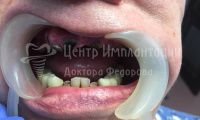Восстановление всех зубов  - Фотография 1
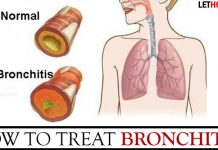 How to Treat Bronchitis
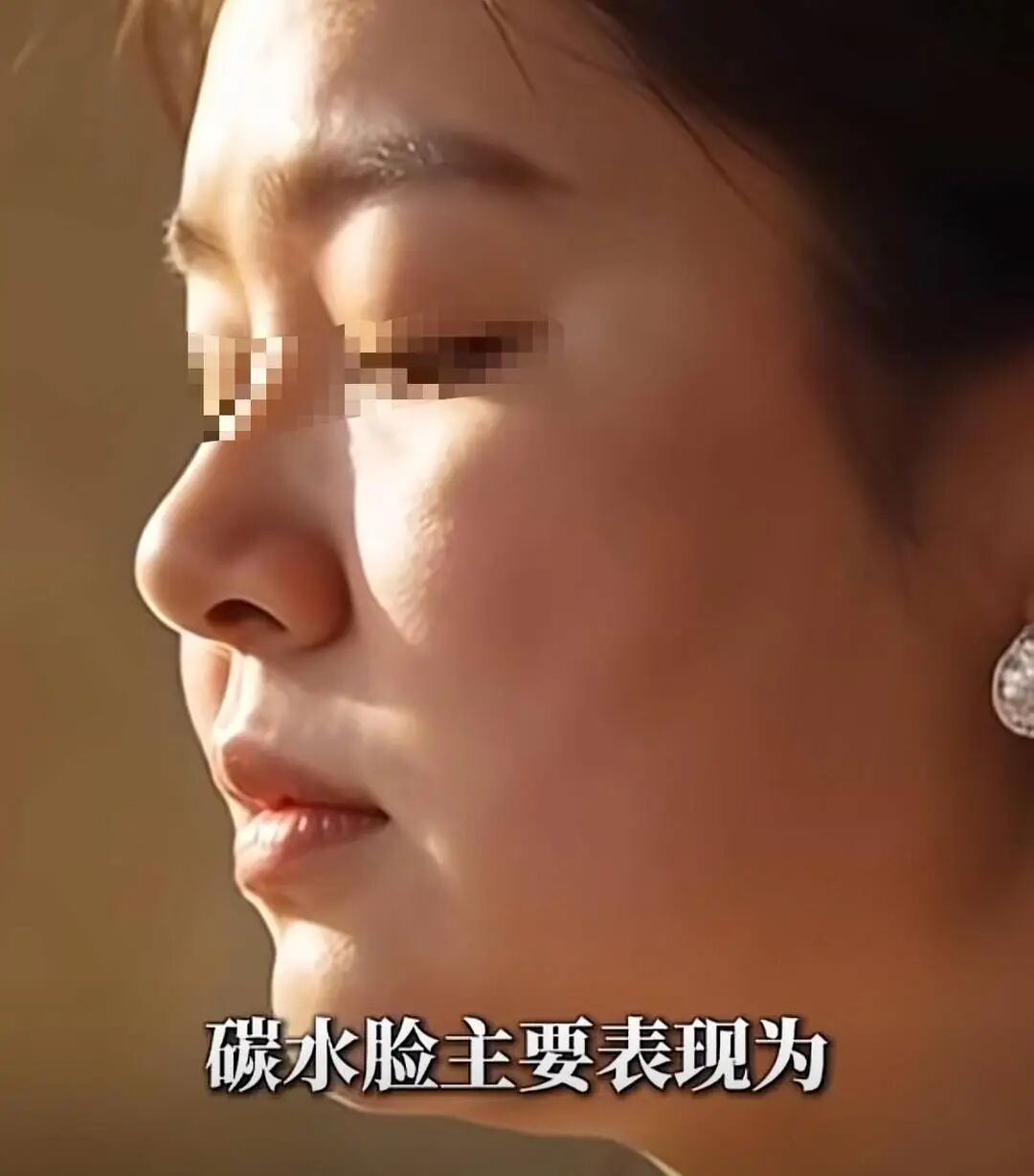 “碳水脸”刷屏引发容貌焦虑 专家：可别戒碳，关键是比例要协调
==========
▸ **YOUR INSTRUCTIONS**:
Line by line, return the listing above exactly, leaving out its pictures.

▸ **RESULT OF THIS TASK**:
Восстановление всех зубов  - Фотография 1
 How to Treat Bronchitis
 “碳水脸”刷屏引发容貌焦虑 专家：可别戒碳，关键是比例要协调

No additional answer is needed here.